This article first appeared in the summer 2017 edition of Unlocked magazine.
The complex that now houses the Justice & Police Museum was once one of the colony’s busiest legal hubs, with a daily parade of offenders – and the odd goat. Additions and improvements mark the evolution of the site’s function as courts and police station.
After the demolition of the first Government House in 1845–46, a large portion of its grounds was carved off into new streets and allotments. But one block was reserved for public buildings, and a core part remains in public ownership today – the former Water Police Office, Water Police Station and Police Court.
Water Police Office
By 1851 the old Water Police Office (with its court and lock-up) in The Rocks was inadequate and dilapidated, and part of the reserved block, a site at the corner of Phillip and Albert streets, was chosen for its replacement. Plans were drawn up by Colonial Architect Edmund Blacket, but the project repeatedly stalled. Labour and materials were scarce and expensive, just as the colony was entering a boom period, and it was difficult to attract a contractor willing and able to carry out the work. Eventually more money was allocated and building began in 1854. The imposing sandstone structure on its elevated site overlooking the newly formed Circular Quay was finally completed in 1856.

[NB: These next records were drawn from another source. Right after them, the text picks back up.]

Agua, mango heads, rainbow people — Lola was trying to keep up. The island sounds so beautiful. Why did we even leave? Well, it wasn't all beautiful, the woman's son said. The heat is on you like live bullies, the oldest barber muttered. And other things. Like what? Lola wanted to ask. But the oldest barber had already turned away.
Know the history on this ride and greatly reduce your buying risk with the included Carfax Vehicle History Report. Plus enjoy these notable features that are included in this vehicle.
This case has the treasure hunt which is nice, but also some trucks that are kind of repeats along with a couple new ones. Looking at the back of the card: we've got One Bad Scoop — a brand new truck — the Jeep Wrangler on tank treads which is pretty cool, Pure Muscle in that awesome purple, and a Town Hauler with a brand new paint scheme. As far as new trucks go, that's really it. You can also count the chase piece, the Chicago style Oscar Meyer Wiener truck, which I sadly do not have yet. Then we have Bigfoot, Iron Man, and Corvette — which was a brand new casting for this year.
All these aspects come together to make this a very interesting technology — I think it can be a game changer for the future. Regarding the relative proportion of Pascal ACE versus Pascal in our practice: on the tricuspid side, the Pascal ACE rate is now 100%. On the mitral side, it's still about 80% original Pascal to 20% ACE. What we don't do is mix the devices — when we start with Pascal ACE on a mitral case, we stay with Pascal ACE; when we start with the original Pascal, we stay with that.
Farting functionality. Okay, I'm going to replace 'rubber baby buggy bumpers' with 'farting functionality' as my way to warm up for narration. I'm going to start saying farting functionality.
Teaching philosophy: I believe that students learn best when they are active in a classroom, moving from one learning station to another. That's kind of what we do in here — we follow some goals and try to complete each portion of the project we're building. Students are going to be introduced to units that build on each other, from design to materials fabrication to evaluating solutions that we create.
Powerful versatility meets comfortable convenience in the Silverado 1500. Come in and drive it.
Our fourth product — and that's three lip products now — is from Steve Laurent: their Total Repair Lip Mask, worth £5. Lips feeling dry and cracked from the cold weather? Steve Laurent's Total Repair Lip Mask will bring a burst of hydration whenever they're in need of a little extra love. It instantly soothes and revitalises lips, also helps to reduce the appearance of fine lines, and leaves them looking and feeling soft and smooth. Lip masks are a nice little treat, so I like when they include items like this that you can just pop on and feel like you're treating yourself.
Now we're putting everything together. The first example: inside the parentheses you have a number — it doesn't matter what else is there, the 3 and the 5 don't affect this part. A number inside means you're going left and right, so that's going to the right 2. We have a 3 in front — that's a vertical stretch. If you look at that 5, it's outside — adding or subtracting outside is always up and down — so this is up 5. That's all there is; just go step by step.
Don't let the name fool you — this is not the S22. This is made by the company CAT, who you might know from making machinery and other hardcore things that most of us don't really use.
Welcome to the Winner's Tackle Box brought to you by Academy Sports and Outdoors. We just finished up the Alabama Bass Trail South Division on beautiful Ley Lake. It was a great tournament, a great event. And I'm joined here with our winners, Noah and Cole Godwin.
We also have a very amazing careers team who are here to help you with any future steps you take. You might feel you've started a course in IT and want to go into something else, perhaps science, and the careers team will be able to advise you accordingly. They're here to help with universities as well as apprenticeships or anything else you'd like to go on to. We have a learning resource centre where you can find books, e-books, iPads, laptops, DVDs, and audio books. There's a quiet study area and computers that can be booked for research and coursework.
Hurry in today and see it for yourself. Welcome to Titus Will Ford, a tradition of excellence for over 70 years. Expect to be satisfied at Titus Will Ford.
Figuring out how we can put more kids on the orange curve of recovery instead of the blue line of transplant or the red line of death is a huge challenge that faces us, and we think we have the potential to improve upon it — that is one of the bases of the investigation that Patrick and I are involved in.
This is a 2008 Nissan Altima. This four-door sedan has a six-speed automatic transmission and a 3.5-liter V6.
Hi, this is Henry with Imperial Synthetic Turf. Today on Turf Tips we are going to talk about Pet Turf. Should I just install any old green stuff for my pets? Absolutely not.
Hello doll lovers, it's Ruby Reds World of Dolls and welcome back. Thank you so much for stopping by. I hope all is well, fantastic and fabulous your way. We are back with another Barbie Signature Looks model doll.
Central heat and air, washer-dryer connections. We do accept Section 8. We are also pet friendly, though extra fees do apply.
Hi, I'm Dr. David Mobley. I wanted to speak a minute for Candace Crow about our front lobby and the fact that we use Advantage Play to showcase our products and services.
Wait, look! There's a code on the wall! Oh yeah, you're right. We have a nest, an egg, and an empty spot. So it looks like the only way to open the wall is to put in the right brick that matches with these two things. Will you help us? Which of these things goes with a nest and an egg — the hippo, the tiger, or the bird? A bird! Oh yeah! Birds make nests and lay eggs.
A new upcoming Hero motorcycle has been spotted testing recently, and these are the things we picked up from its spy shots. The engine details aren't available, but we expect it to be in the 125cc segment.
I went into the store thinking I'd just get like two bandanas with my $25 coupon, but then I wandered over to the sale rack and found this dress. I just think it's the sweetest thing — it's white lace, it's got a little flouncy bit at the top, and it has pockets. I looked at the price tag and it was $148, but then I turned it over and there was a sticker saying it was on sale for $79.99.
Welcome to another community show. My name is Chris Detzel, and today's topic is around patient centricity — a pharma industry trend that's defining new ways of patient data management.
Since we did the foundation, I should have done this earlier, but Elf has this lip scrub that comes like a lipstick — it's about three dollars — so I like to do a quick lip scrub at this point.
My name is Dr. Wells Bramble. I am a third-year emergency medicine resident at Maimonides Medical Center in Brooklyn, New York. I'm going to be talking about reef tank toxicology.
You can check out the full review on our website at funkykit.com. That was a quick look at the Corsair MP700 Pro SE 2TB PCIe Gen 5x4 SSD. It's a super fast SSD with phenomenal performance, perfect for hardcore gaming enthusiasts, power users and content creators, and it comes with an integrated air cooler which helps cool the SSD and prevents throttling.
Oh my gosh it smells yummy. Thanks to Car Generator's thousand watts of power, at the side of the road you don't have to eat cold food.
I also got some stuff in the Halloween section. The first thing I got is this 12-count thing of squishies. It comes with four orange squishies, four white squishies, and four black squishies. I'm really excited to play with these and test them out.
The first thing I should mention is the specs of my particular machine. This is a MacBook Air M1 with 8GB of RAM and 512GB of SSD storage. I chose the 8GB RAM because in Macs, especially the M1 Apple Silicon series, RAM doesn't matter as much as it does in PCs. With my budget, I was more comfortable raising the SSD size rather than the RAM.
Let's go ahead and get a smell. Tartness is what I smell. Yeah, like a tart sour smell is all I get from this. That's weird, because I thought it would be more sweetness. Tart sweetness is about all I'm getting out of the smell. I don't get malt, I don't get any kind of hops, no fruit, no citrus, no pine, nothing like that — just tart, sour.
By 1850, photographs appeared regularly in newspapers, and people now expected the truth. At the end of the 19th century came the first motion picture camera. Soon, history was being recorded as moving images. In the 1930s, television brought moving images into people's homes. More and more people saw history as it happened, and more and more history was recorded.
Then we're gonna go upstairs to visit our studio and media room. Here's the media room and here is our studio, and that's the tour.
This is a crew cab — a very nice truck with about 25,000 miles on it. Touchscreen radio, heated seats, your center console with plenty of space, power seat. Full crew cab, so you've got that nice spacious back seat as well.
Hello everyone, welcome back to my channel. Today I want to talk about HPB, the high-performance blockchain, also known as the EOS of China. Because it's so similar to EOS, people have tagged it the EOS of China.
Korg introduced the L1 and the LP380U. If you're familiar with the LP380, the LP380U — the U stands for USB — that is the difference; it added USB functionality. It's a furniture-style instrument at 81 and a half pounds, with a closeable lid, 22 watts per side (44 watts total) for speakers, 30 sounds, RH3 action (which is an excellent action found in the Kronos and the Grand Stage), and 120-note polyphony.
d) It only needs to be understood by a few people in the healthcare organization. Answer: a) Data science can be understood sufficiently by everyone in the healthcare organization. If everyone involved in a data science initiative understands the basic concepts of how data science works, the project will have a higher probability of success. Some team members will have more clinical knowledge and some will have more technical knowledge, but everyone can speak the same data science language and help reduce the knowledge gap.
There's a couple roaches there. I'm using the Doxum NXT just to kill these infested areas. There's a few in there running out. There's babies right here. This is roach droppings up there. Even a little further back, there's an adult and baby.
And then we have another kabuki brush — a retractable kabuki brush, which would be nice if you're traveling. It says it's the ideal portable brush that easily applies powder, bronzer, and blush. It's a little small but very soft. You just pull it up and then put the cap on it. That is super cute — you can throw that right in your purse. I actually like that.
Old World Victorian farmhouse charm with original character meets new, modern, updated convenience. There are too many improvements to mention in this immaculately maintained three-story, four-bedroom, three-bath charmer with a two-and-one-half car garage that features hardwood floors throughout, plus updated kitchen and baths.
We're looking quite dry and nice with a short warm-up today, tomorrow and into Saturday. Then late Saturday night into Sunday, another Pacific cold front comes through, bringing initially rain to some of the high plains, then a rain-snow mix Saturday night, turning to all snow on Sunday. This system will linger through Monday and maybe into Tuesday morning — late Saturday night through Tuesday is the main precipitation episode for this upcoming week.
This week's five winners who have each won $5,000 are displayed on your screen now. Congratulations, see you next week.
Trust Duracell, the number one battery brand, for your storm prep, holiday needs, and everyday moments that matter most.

The Palladian-influenced design with two lower wings set slightly back from a central pedimented bay was repeated in other NSW courthouses. Although the three arches and recessed porch were originally open, iron palisading was soon erected to keep out stray goats. The courtroom, with its formal layout and cedar joinery, was flanked by rooms for magistrates, clerks and records in the wings. (From 1858 to 1873 the Shipping Master’s Office occupied the east wing.) To the rear was a separate privy (toilet) block.
The distinctive three-arched pediment of the Water Police Office sitting proudly above the waterfront overlooking Circular Quay was once clearly visible from across the cove.
Changes were continually made to improve accommodation. Coir matting was installed in an effort to alleviate noise problems from the court’s oft-commented-upon ‘curious’ acoustics, which amplified the sound of traffic outside and footsteps and echoes within. Roof cowls on the wings improved ventilation, to combat the ‘stench’ emanating from nearby warehouses and courtroom regulars – both those on trial and spectators. In 1873 the long clerks’ room in the west wing was converted into a second courtroom.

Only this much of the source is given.